Stored data
——
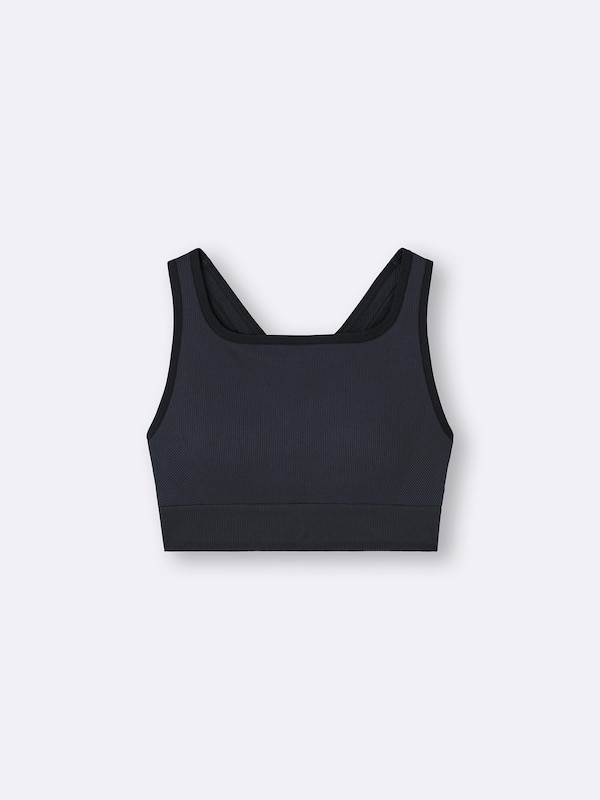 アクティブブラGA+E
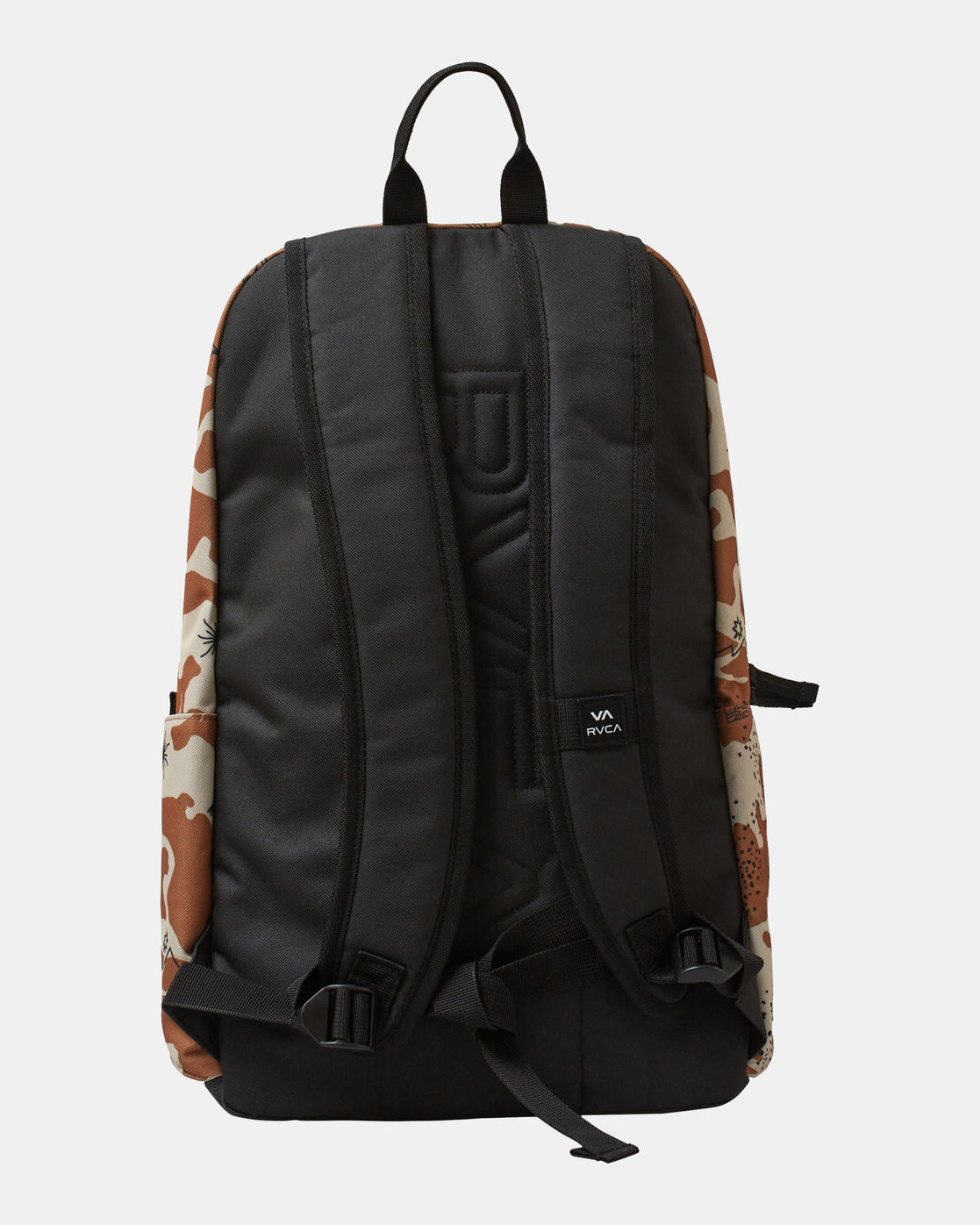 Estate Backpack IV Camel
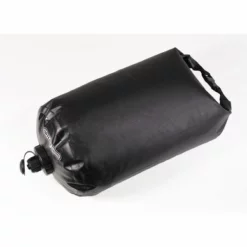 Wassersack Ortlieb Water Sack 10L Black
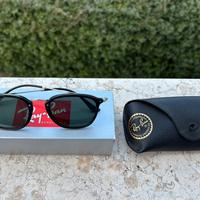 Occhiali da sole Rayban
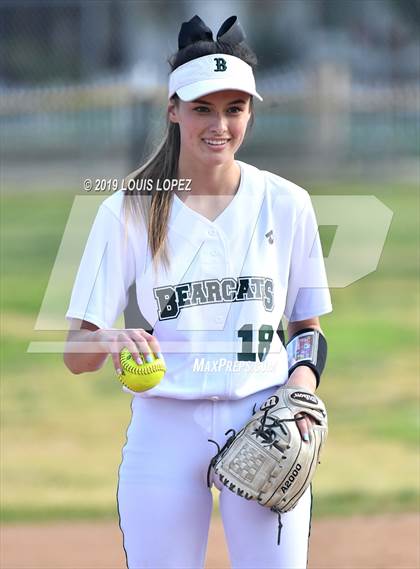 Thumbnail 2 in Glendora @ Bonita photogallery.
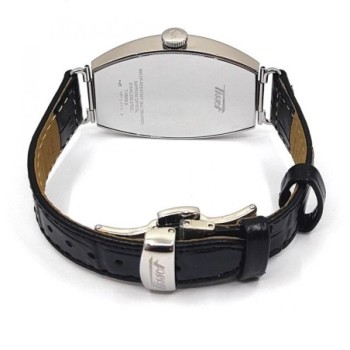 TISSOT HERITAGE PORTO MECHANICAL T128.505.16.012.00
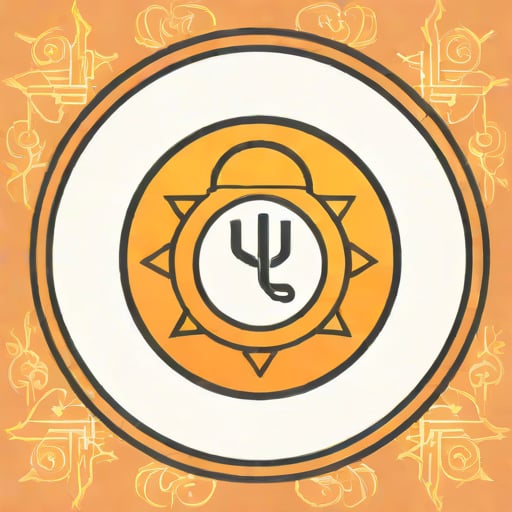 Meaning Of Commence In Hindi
——
- [Task requirements]:
In the copy, include every entry above exactly and leave out each picture.

- [Task result]:
 アクティブブラGA+E
 Estate Backpack IV Camel
 Wassersack Ortlieb Water Sack 10L Black
 Occhiali da sole Rayban
 Thumbnail 2 in Glendora @ Bonita photogallery.
 TISSOT HERITAGE PORTO MECHANICAL T128.505.16.012.00
 Meaning Of Commence In Hindi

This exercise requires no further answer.